You’ll want to install a couple VS extensions.

  1. F# Outlining let’s you collapse sections of F# code, pretty much like you already can with C# in Visual Studio.

  2. I also recommend getting both the MsTest Project Template and FsUnit from Daniel Mohl. The template will get you started a little faster on unit tests, and FsUnit will make your unit tests more composable, a little more in tune with how you (hopefully) write the rest of your F# code (i.e. in a functional manner).

Core Course

All you need to learn F# is the Wikibook F# Programming and the MSDN Visual F# references pages, most notably the F# Language Reference and F# Core Library Reference.

So open up VS11 beta and the MSDN reference pages and work through each chapter of F# Programming. It covers every topic of the language you need to know (with the possible exception of Code Quotations and Type Providers). This course is complete and easy to follow. I still use it as a reference.

You’ll also want to use the F# REPL, fsi, while writing code, or while studying code someone else has written. You have a lot of choices here. There’s a fsi window built into Visual Studio, or you can run it from the command line or PowerShell.
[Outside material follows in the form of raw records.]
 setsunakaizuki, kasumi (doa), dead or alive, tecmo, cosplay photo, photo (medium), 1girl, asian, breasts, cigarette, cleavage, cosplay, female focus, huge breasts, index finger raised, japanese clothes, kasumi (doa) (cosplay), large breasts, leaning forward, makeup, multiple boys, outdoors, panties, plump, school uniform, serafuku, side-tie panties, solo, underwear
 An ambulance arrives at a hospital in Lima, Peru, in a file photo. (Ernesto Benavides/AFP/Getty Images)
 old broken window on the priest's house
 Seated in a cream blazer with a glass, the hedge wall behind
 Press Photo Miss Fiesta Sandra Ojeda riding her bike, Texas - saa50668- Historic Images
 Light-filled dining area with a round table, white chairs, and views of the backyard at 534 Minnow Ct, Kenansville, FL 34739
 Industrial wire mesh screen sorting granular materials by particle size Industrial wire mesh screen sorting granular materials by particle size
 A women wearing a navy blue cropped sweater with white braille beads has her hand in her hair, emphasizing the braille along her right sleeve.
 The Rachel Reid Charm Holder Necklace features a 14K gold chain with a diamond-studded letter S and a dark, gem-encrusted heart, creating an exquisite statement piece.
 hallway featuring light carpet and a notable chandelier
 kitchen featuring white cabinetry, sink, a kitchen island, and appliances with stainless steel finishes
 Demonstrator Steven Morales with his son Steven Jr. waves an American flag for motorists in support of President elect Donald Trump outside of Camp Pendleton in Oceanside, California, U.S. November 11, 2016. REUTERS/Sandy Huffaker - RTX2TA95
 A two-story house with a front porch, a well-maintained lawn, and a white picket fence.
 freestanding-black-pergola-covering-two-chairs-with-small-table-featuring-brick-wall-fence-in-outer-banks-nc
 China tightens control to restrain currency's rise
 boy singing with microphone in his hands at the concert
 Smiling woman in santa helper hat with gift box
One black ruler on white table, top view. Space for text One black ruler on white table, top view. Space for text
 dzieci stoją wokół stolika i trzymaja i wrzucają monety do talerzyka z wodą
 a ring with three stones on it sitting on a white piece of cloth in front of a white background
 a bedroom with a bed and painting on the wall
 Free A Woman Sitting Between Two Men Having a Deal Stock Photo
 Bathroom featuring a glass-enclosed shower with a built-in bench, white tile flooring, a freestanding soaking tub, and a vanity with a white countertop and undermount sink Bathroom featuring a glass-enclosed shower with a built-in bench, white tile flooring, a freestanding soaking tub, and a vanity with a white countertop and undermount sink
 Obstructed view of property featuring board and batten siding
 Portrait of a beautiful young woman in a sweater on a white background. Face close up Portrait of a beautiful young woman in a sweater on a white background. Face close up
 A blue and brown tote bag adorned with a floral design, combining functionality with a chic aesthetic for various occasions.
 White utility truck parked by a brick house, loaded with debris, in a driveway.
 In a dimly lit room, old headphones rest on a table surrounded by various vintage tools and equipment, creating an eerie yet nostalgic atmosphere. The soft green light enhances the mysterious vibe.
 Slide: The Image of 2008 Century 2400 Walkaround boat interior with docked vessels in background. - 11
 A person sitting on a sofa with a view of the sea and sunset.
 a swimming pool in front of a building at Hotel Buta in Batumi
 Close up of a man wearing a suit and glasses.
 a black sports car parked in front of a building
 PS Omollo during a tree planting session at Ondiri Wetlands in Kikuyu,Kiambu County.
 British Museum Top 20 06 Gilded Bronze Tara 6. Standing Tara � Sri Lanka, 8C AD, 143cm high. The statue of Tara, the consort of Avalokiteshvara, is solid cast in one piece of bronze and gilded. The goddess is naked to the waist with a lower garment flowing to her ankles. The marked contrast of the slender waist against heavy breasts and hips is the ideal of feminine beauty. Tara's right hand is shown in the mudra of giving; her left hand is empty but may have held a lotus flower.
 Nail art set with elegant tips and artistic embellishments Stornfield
There are at least two versions available on web pages, Try F# and Try Joinads. There’s even a Try F# iOS app.

You’ll find you have to deliberately write F# one statement at a time. Of course that’s literally true for other languages you’ve worked in, but especially while first learning you will find it challenging to get the syntax perfect as you attempt writing more sophisticated statements (and it has to be perfect). So take advantage of Intellisense in the Visual Studio code window, and fsi for syntax debugging until the statement builds correctly. If everything does not build in the VS code window (with the exception of the incomplete statement you are currently writing), Intellisense is not available . This is why you have to make sure each statement builds as you write it. But here’s your reward: if your statement builds (and you are coding in a purely functional style) it probably works as you intend. More time up-front thinking through what you are doing, and less time typing.

Beyond the Basics

Once you finish Awesome Princess’ excellent course, you’ll want to continue your graduate studies along with whatever productive coding you are doing. Studying the code others have published is a good place to start. F# Snippets is a repository of open source F# snippets that do all sorts of things created by anyone who cares to post. Hat tip to Tomas Petricek for creating this great site and the technology behind it. You know what’s really cool? Mouse over the code in any snippet on the site and you get Intellisense tool tips!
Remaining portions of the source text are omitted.